For example, the AG composite particle may comprise 20 wt. % or less of a hydratable and/or swellable reactive material (e.g., water absorbent clay), based on a total weight of the AG composite particle, in order to avoid substantial swelling of the sealant layer upon exposure to water or moisture. Non-limiting examples of which include 20 wt. % or less, 19 wt. % or less, 18 wt. % or less, 17 wt. % or less, 16 wt. % or less, 15 wt. % or less, 14 wt. % or less, 13 wt. % or less, 12 wt. % or less, 11 wt. % or less, 10 wt. % or less, 9 wt. % or less, 8 wt. % or less, 7 wt. % or less, 6 wt. % or less, 5 wt. % or less, 4 wt. % or less, 3 wt. % or less, 2 wt. % or less, and 1 wt. % or less, of a hydratable and/or swellable reactive material (e.g., water absorbent clay), based on a total weight of the AG composite particle.

The dense, granular nature of the composite particles enables them to be easily and uniformly deployed and deposited through a water column (via Stoke's law) and onto the sediment surface using conventional materials handling equipment. Since a significant amount of water treatment occurs at or near the surface of the composite particle, inclusion of expensive reactive materials into a central core of the composite particle can be avoided.

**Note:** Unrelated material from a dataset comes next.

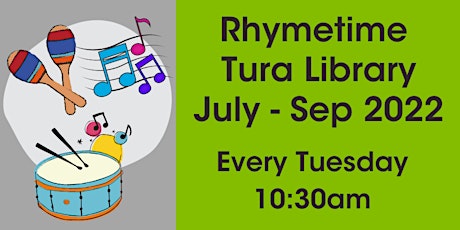 Rhymetime at Tura Marrang Library, July - Sep 2022 tickets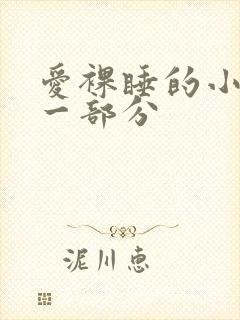 爱裸睡的小丹第一部分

AB composite particles may be used alone to form an AB passive impermeable capping layer or blended with other aggregate materials to form a BB capping layer. AG composite particles may be used alone to form an AG active/reactive treatment and permeable drainage blanket layer. AB and AG composite particles may be used together in an active/reactive sediment capping system, which may be arranged in an AB/AG layered “funnel and gate” fashion.

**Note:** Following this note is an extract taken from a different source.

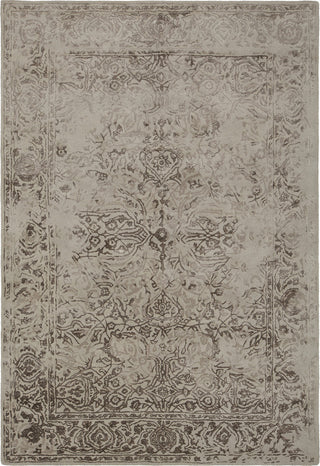 Zina Area Rug, Beige/Gray/Brown, 5'x7'6"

Selected Applications and Uses

FIG. 1 is a cross-sectional view of an AB/AG sediment capping system of the type into which a RTC may be retrofitted in accordance with the invention. The upper or overlying AquaBlok® (AB) layer 22 serves as a passive impermeable cap, while the lower or underlying layer 24 (AquaGate™ or AG) may serve as an active/reactive treatment and permeable drainage blanket, enabling a directional horizontal flow (arrows 25) of pore fluids (e.g. gas/water/NAPL).

The AB layer or cap 22 may have any desired thickness, a non-limiting example of which includes about 4 to about 12 inches. The AG layer 24 or drainage blanket may have any desired thickness, a non-limiting example of which includes about 1 inch or more. Of course, the aforementioned thicknesses may be optimized to a particular project having site-specific issues, demands and conditions.

An important feature of the AB and BB (passive impermeable capping) layer 22, 90 is that it “self-keys” or molds to various shapes and objects, including complex or irregularly shaped structural components, to form an effective seal at the interface thereof, in both fresh and saline waters.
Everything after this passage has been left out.